** Goal of the exercise **
Down to the last line, set down the material below exactly, excluding pictures.

** Provided data **

================

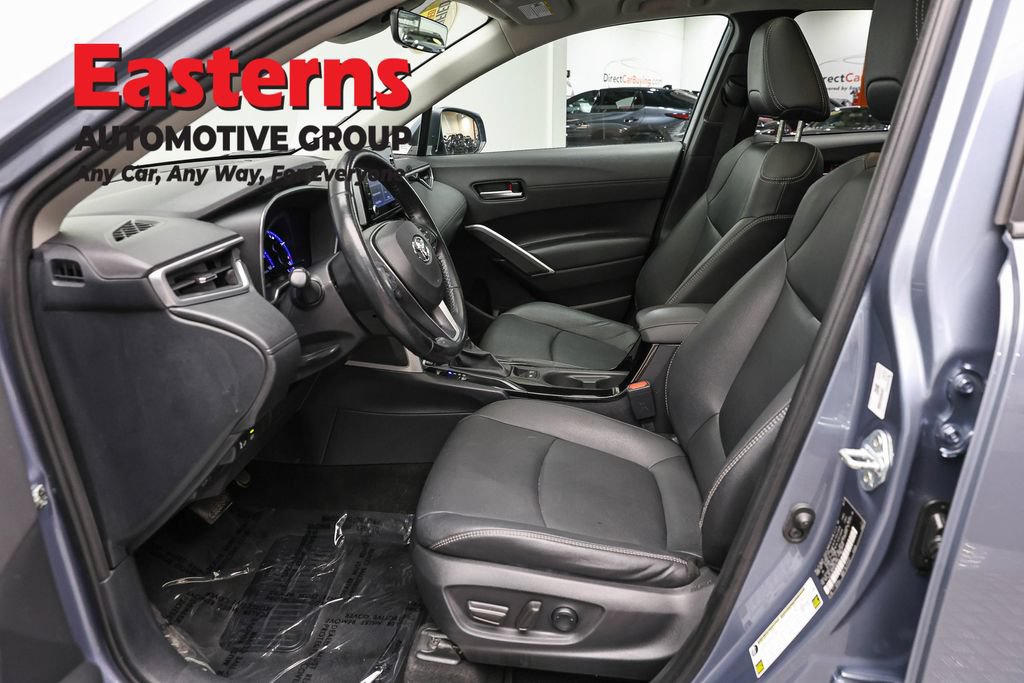 Used 2022 Toyota Corolla Cross XLE w/ Convenience Package AWD/4WD image 14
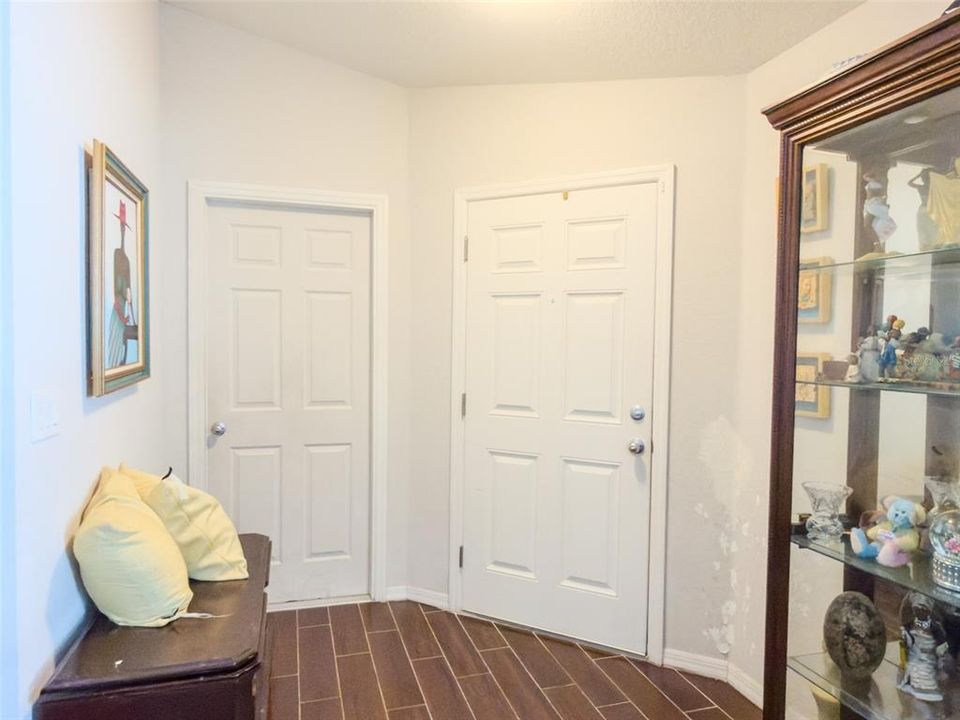 For Sale: $289,900 (4 beds, 2 baths, 1560 Square Feet)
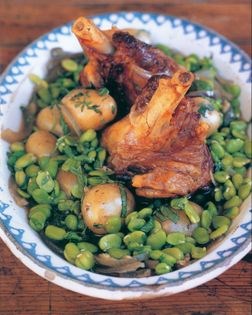 Lamb shanks with broad beans (Souris d'agneau aux fèves)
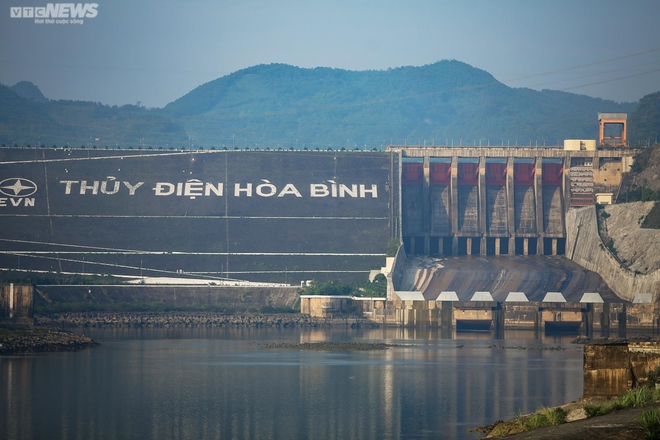 Từ thời cha sinh mẹ đẻ, đây là lần thứ 2 tôi đi bộ được dưới đáy sông Đà-1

================

** Your response **
 Used 2022 Toyota Corolla Cross XLE w/ Convenience Package AWD/4WD image 14
 For Sale: $289,900 (4 beds, 2 baths, 1560 Square Feet)
 Lamb shanks with broad beans (Souris d'agneau aux fèves)
 Từ thời cha sinh mẹ đẻ, đây là lần thứ 2 tôi đi bộ được dưới đáy sông Đà-1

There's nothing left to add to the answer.